Thursday, February 20, 2014

The top presentation skill by Simon Raybould: "Fake it Until you Make it!"

We have all done it. Well, we may not have done it, but we have seen it happen. We’ve seen someone speak to a group of people and appear one way, and then present themselves in a totally different way in a one-on-one setting. Or we might have even been that very person. 

Dr. Simon Raybould, the Director of Curved Vision says that “faking it” on stage is not uncommon in the least, even for expert speakers. As a specialist trainer in making presentations, he is used to dealing with people who are different off stage than they are on it. 

His message tells us why people are inclined to act differently on stage. Could it be the nerves we get before speaking in public? Is it because we are presenting on a subject not directly connected to our message? Or could it be that we don’t want to let the audience into our personal lives? Finally, is being a different person in a presentation setting a good or bad thing? These are the questions he ponders upon in this article in an upbeat and irresistible tone. 

Gain Simon’s insight on “Faking It” by checking out his entire post below or go to his website for the original!

by our Presaholic guest-blogger, Simon Raybould


Faking it


Faking it on stage that is… So if this post has turned up in your search and you’re disappointed ‘cos you were looking for something else… tough luck!

A short while ago a friendly acquaintance of mine (a professional, full time speaker) expressed surprise that he’d just been speaking to someone who was a different person on stage to off it. He couldn’t wrap his head around that. For me, as a specialist trainer in making presentations, that comes as no surprise – most expert speakers are different people on stage.

Why are people different when they’re presenting?

There are a number of different reasons for this.

It’s a matter of nerves

A lot of presenters are nervous. In fact, most (if not all) of the best ones are. If you go on stage and deliver a presentation ‘being yourself’ you’re exposing yourself to ridicule etc if you’re not very good. (And by ‘on stage’ I don’t just mean as a professional speaker – just standing at the front of the board room counts as being on stage). One very common way around this is by wearing a metaphorical mask on stage – that is, by very consciously ‘performing’.

By wearing a mask you can pretend to yourself that it isn’t “you” making the presentation and so it doesn’t matter so much if things go wrong.
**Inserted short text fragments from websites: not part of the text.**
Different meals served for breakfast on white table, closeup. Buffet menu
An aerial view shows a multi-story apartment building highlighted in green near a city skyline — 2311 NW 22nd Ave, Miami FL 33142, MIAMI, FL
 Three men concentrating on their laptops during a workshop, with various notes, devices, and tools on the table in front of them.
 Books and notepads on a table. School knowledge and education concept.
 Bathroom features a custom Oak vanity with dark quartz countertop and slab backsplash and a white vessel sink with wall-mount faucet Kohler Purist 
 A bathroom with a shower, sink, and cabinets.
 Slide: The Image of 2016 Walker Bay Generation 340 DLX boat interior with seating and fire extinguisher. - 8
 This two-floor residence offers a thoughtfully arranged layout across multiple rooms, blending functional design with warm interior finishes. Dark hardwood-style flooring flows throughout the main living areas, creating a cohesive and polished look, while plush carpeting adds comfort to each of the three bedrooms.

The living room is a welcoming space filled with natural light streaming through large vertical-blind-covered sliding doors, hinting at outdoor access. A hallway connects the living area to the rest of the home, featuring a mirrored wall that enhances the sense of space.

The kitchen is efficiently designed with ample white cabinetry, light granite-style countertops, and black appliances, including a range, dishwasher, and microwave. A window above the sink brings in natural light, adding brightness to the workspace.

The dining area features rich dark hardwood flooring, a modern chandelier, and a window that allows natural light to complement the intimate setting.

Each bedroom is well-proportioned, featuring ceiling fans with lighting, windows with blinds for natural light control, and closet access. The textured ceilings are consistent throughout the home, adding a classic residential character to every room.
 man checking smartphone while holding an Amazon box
In short, nervous presenters often hide behind a ‘performance persona’… and it’s hardly unknown for actors, dancers and stand-up comics to do the same thing. In fact, my personal experience is that the majority of speakers I’ve trained have used the mask technique at some point!

You’re a subject expert

That means you’re talking about a researched topic, not from personal experience. (What I mean by that is that you’re not giving a talk which is at it’s essence autobiographical.) While that doesn’t automatically mean you’re going to be a different person on stage, it makes it a lot easier to do so.

For a subject matter expert, there is no intrinsic, automatic link between them and their presentation and this frees them up to be the kind of person on stage that they believe the audience is most likely to respond to. As a personal ‘confession’, I’ve done this myself – sometimes I judged the audience as being more responsive to a ‘biiiig, dominant’ personality and other times I felt they needed someone who was more ‘collegiate’ in their approach: in each case, that’s what they got. My job was to get the content of the presentation over, not to allow my personality to be an issue.

The speaker is an introvert and/or shy

(Side note – introversion and being shy aren’t the same thing!)

A lot of speakers I know and have trained simply don’t regard their personal life as anything to do with the audience. They feel that, like all introverts (as Jung defined them) their personal life is exactly that – personal: only a select few intimates have the right to have access to their personal life. One way of keeping audiences away from your personal life is to provide them with a mask on stage – something which looks personal enough and realistic enough for the audience to respond to but without being the real thing. So long as it’s credible and so long as the content is good enough, what’s the harm? It’s simply the way an actor approaches their role.

The risk only arises if they introverted speaker can’t maintain the mask long enough or thoroughly enough.

Good, bad or indifferent?

It’s not a problem. Well, not automatically, at least.

If it bothers the audience and it makes them less able to take your message on board it’s a problem. If it doesn’t it isn’t. Simple as that.

Most speakers don’t speak to audience’s of strangers though – that’s the domain of professionals. The vast majority of presenters speak at work – to people they know at least a little. In that kind of situation it needs thinking about as it can confuse people a little. Suddenly shyKenfromaccounts turns into a larger than life demi-god…. and it unsettles people!

If ‘wearing’ a ‘mask’ means shyKenfromaccounts can stand up and talk to people by wearing the mask of Fearless Wonder Man and his content is worth hearing, that can only be good, right?